08:18:54 ema@cp5005.eqsin.wmnet:~
$ curl -i -w "Connect: %{time_connect} TTFB: %{time_starttransfer} Total time: %{time_total}\n" https://swift.discovery.wmnet/wikipedia/commons/thumb/4/4d/Constitution_of_India.jpg/113px-Constitution_of_India.jpg.webp 
HTTP/2 429 
date: Thu, 27 Jun 2019 08:19:59 GMT
content-type: text/html; charset=UTF-8
content-length: 0
thumbor-request-id: 0AC010BE:3328_0A020118:2260_5D147C27_113468:65DA
thumbor-memcache-get-time: 11
thumbor-request-date: Thu, 27 Jun 2019 08:19:51 GMT
server: TornadoServer/4.4.3
thumbor-poolcounter-time: 8013
proxy-response-date: 27/Jun/2019:08:19:51 +0000
cache-control: no-cache
proxy-request-date: 27/Jun/2019:08:19:51 +0000
x-upstream: 127.0.0.1:8814
x-trans-id: tx182d805b02ef4b7a81797-005d147c27

Connect: 0.447759 TTFB: 9.175094 Total time: 9.175171

I've seen this one stuck in poolcounter throttling for a while, it's definitely quite hot. I'll check if it's renderable at all. Usually images that can't render get rather throttled by the failure throttle, not by poolcounter.

@Gilles FWIW, I just got:
Request from 176.207.117.69 via cp3038 frontend, Varnish XID 415308351
Upstream caches: cp3038 int
Error: 429, Too Many Requests at Wed, 16 Oct 2019 14:06:59 GMT

while trying to access other resolutions for https://commons.wikimedia.org/wiki/File:A_Universal_Code_of_Conduct_-_with_input_from_the_CEE_communities.pdf,
since it won't display any preview for pages from 7 on.
If irrelevant, should be moved etc., please LMK.

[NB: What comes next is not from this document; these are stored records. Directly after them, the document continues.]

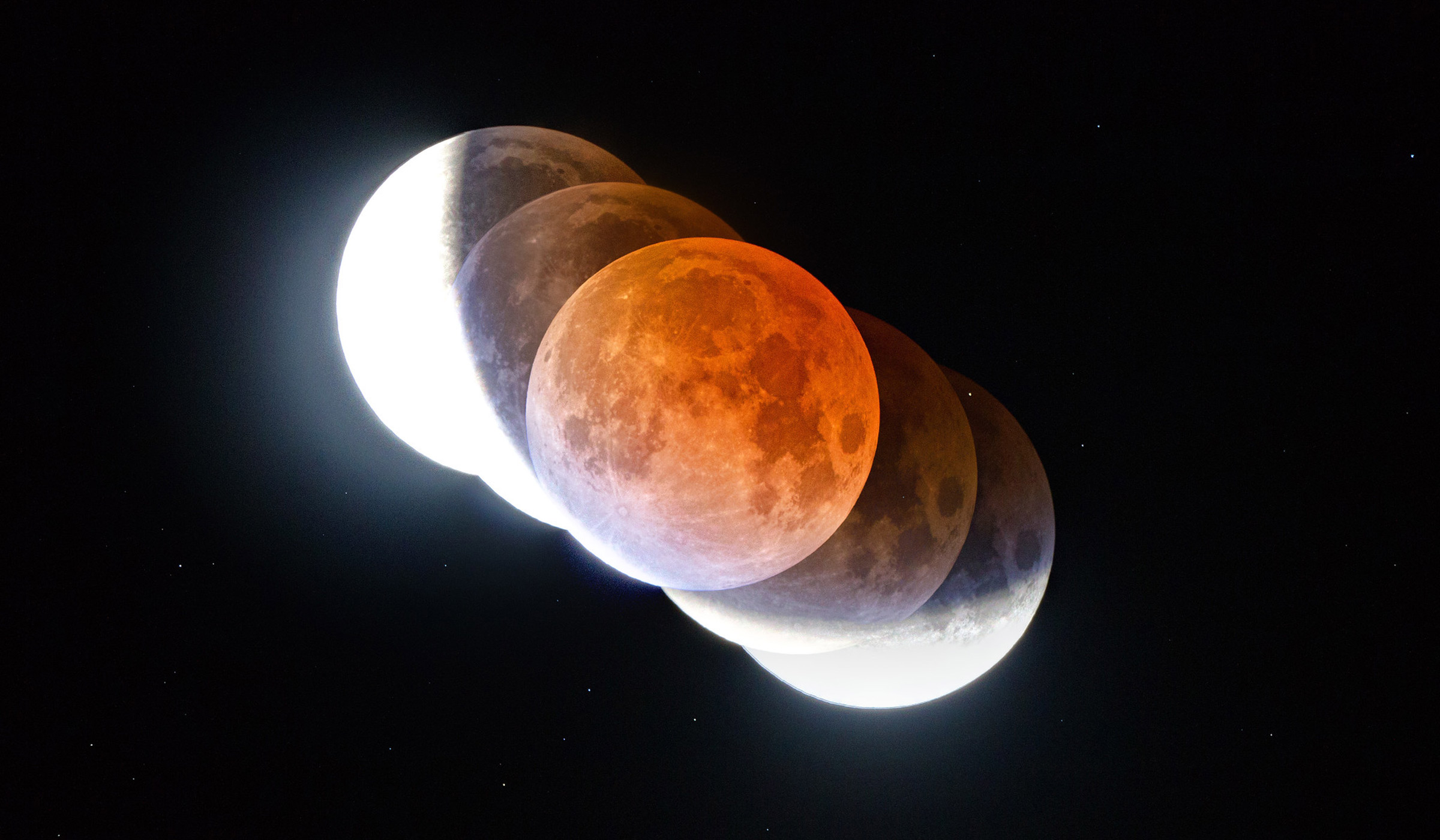 Composite of five photos taken of the moon during the lunar eclipse, showing part of the moon inside the earth's shadow.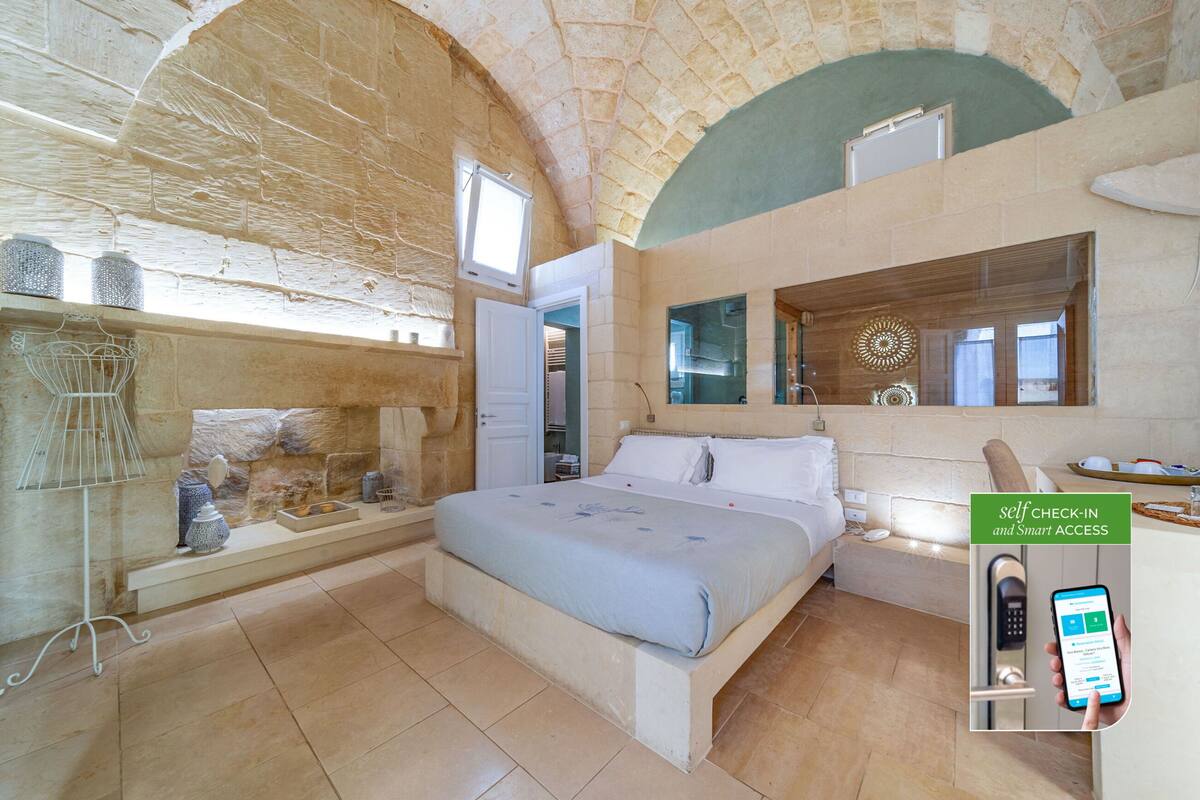 A spacious bedroom with a large bed, a stone wall, a window, and a mirror.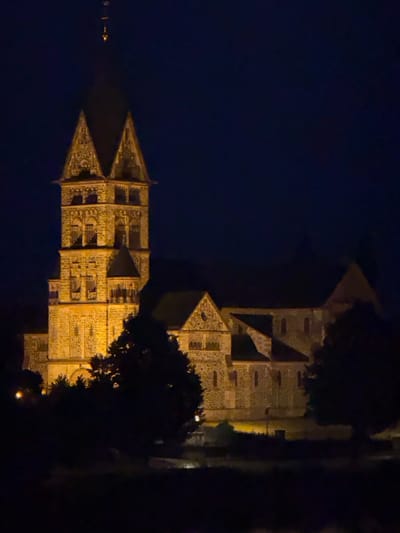 This is a nighttime, eye-level, medium shot of the St. John's Church (Johanniskirche) in Hanau, Germany, illuminated by warm artificial lights against a dark blue sky. The church is constructed of stone and features a prominent, multi-tiered tower topped with a spire. The tower has decorative stonework and multiple arched windows. The main body of the church, with its pitched roof and smaller windows, extends to the right of the tower. Silhouetted trees and foliage are visible in the foreground, obscuring the lower portion of the church and the immediate surroundings. There are no people or discernible animals in the frame. The overall atmosphere is one of quiet solemnity and historical presence.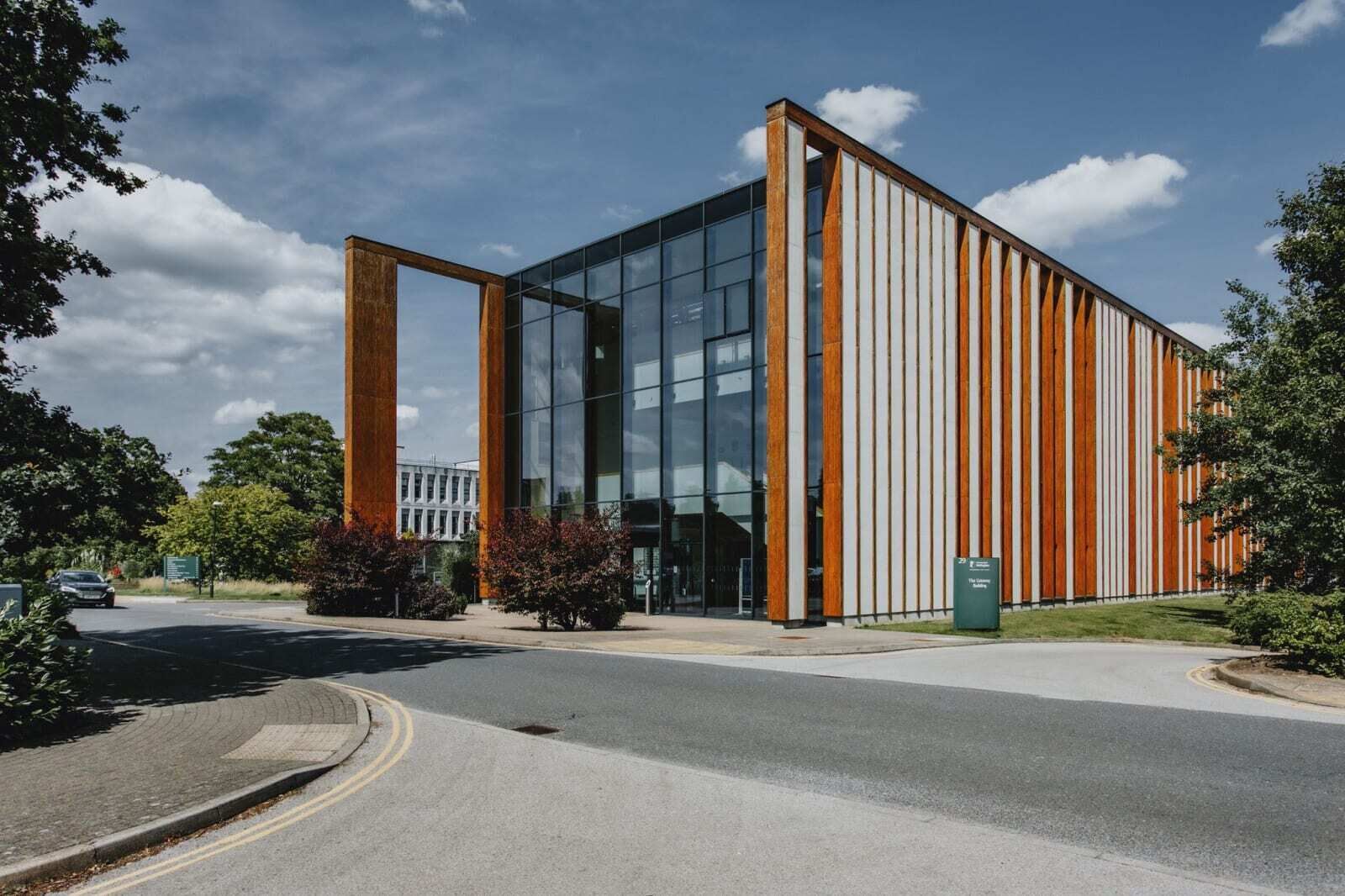 Un bâtiment moderne doté de grandes fenêtres en verre et d’une façade en bois.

@Elitre it should be its own task, since it's a PDF failing to render and this task is about an SVG.

oK,will file separately then, TY,

rsvg-convert 2.40.16 processed this file at 1000px in 75 seconds, which is over the 60s timeout. 2.48.4 did it in about 5 seconds. There's over 700 uses of Gaussian blur in the file, which is the most likely culprit. T200866 is the task for that, but I'll leave this one open because of the question about Memcached or Poolcounter doing the throttling.

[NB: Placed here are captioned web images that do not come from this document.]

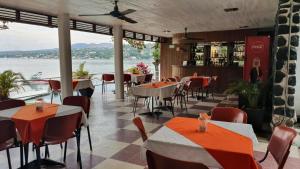 a restaurant with tables and chairs and a view of the water at Hotel Los Angeles in Tequesquitengo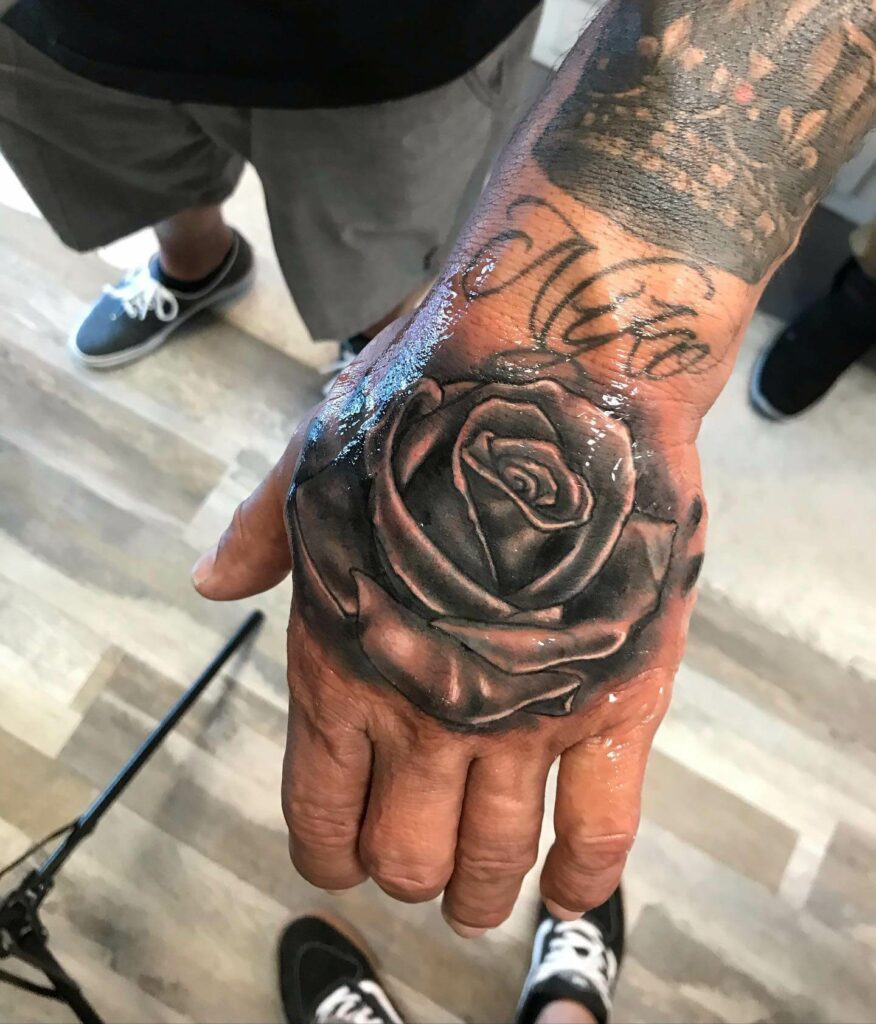 Hand piece tattoo black and grey realism  Hand tattoos Black and grey  tattoos Pieces tattoo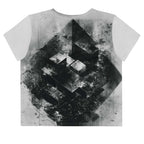 Back view of Women's Era Stamp (No.16) crop top with bold black and white geometries, distressed ink texture, crew neck, short sleeves.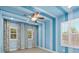 Blue and white striped bedroom with decorative patterned curtains and abundant natural light at 5305 Sagecrest Dr, Lithia, FL 33547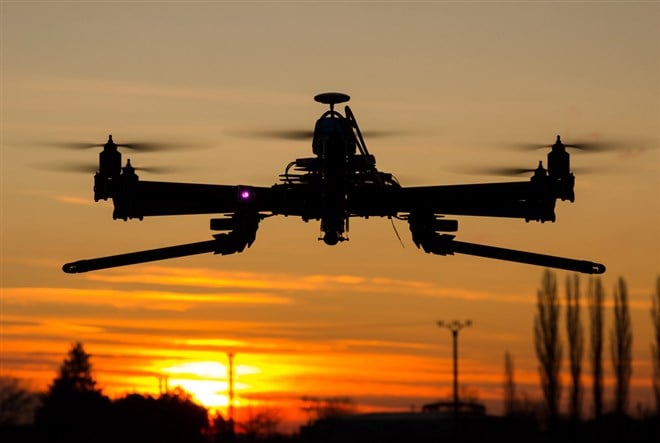 Hexacopter drone flying in the sunset — Photo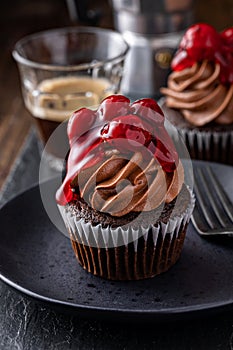 Black forest cupcake with whipped ganache and cherry topping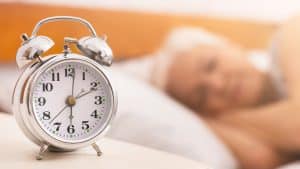 A silver analog alarm clock showing 7:00 sits on a bedside table, hinting at better sleep as an elderly woman rests peacefully in the blurred background.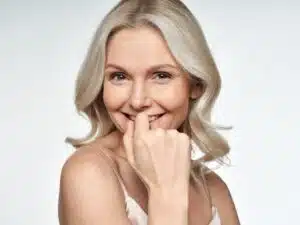 Smiling mature woman with healthy skin, embracing beauty in her 60s with subtle skincare adjustments for hydration and glow.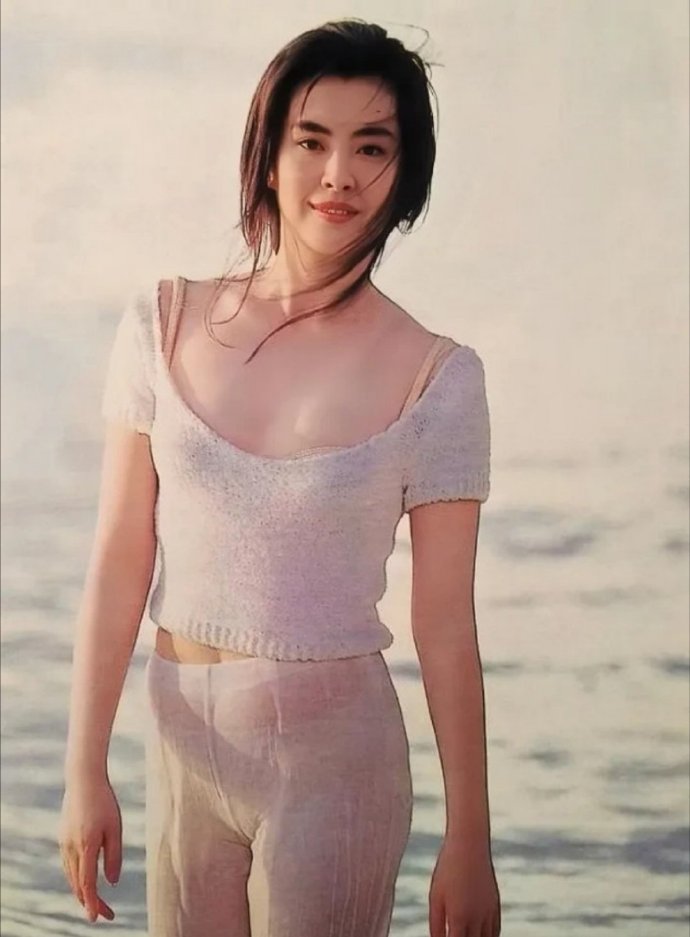 王祖贤年轻时在海边拍的一张留影。照片中王祖贤穿着一身白色的类似瑜伽服的衣服，五官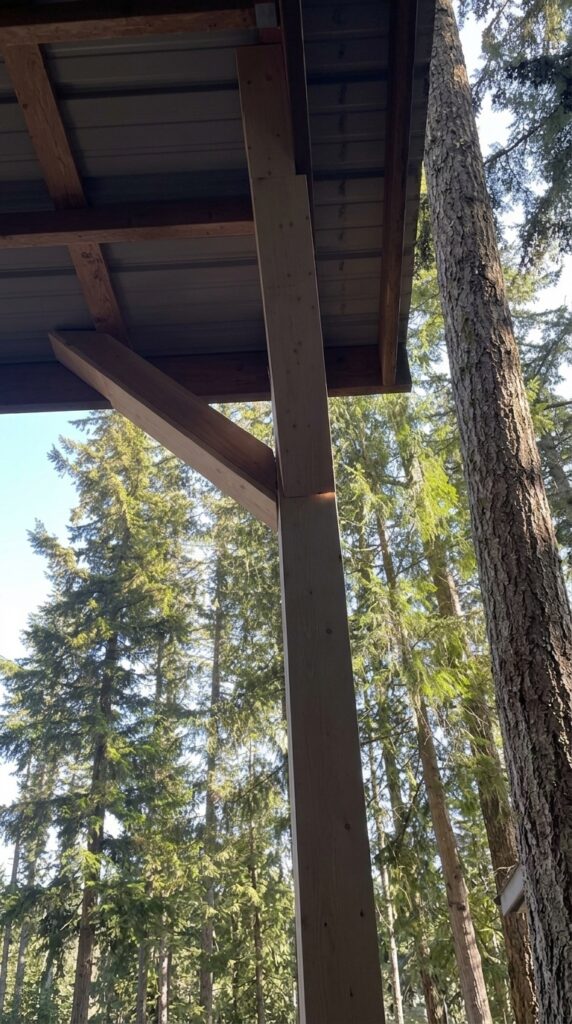 newly painted patio cover roof structure before painting with wood beams and metal panels above fifth wheel trailer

As for the issue mentioned in the task title, I don't believe 408 would be a correct response code. A 408 is the server closing a connection because no request was made by the client before the timeout, while this error is internal to the server during the processing of a request.

BBlack subscribed.

Removing Traffic during a ticket cleanup, as it seems like this issue lies within thumbor and not the traffic infra layers. Feel free to add us back if some VCL support is needed for any eventual changes here!